Sprawa podejrzanego o gwałt na młodej Ukraince wciąż aktualna. Polecono złożenie odwołania od odmowy aresztu
Minister sprawiedliwości i prokurator generalny Zbigniew Ziobro poinformował, że polecił złożenie odwołania od odmowy przez sąd zastosowania aresztu tymczasowego dla podejrzanego o gwałt na młodej Ukraince. Mężczyzna został zatrzymany w środę we Wrocławiu.
- Jako prokurator generalny wydałem polecenie złożenia zażalenia od niezrozumiałej decyzji sądu, który odmówił tymczasowego aresztowania podejrzanego o gwałt na uciekającej przed wojną młodej Ukraince - napisał na twitterze Zbigniew Ziobro.
We Wrocławiu w środę w niecałe dwie godziny od zgłoszenia przestępstwa zgwałcenia policjanci zatrzymali 49-latka podejrzanego o dokonanie tego przestępstwa.
- Po wzmożonych i intensywnych działaniach policjantów, został zatrzymany 49-latek podejrzewany o dokonanie zgwałcenia 19-latki z Ukrainy, którą przyjął pod swój dach. Ze wstępnych ustaleń wynika, że mężczyzna siłą doprowadził kobietę do obcowania płciowego wbrew jej woli. Wcześniej poznał dziewczynę, oferując swą pomoc za pośrednictwem portalu internetowego. Przyjął ją do swojego mieszkania i dokonał tego brutalnego przestępstwa - mówił wówczas rzecznik policji Łukasz Dutkowiak.
Dodał, że za gwałt grozi do 12 lat więzienia.
- Nie ma przyzwolenia na takiego typu zachowania. Tym bardziej na szczególne potępienie zasługuje fakt, że kobieta ta była w trudnej sytuacji życiowej - uciekła z objętej wojną Ukrainy, nie znała języka polskiego, nie znała miasta i nigdy nie była w Polsce. Zaufała mężczyźnie, który obiecał jej pomóc i dać schronienie. Niestety, wszystko to okazało się perfidną manipulacją ze strony 49-latka - powiedział policjant.
Prokuratura postawiła mężczyźnie zarzut gwałtu i w piątek skierowała do sądu wniosek o tymczasowy areszt na trzy miesiące.
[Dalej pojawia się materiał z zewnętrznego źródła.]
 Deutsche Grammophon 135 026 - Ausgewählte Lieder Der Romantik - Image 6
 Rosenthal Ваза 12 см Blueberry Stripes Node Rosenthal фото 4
Zdaniem prokuratury, zgromadzony materiał dowodowy uprawdopodobnił fakt popełnienia przez podejrzanego zarzuconego mu przestępstwa i z uwagi na realną obawę matactwa procesowego z jego strony tylko zastosowanie środka izolacyjnego zagwarantuje zabezpieczenie prawidłowego toku prowadzonego śledztwa.
W sobotę sąd nie uwzględnił wniosku o areszt, zastosował wobec podejrzanego dozór policji i nakazał mu raz w tygodniu stawiać się na komisariacie policji.